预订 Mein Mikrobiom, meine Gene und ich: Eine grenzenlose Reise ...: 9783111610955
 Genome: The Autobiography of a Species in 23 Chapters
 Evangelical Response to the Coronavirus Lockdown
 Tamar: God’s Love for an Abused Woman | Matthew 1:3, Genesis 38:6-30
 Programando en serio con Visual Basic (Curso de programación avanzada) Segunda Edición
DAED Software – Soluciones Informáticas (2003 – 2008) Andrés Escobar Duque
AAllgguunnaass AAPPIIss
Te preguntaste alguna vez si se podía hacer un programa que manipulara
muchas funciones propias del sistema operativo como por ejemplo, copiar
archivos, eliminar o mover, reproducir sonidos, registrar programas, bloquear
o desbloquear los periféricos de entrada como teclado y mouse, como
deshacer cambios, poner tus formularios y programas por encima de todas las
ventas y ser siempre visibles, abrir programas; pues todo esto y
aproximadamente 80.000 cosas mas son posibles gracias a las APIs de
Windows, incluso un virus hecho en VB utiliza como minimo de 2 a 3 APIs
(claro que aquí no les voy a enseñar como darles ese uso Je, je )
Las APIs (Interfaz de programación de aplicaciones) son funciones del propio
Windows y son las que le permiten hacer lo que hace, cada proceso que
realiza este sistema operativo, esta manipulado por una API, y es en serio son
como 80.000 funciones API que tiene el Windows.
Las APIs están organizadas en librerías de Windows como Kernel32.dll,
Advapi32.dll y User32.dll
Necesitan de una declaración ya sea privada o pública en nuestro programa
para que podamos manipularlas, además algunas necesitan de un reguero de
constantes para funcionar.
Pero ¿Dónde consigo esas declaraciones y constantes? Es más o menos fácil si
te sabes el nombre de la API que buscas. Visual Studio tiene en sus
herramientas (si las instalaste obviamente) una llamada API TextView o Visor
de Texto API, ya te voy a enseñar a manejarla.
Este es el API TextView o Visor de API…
◆ ◆ ◆ ◆ ◆ ◆ ◆
Write out the material above exactly, please, from its first line up to and including the line where "Tamar: God’s Love" appears, and stop there.

#### Solution for this exercise:
预订 Mein Mikrobiom, meine Gene und ich: Eine grenzenlose Reise ...: 9783111610955
 Genome: The Autobiography of a Species in 23 Chapters
 Evangelical Response to the Coronavirus Lockdown
 Tamar: God’s Love for an Abused Woman | Matthew 1:3, Genesis 38:6-30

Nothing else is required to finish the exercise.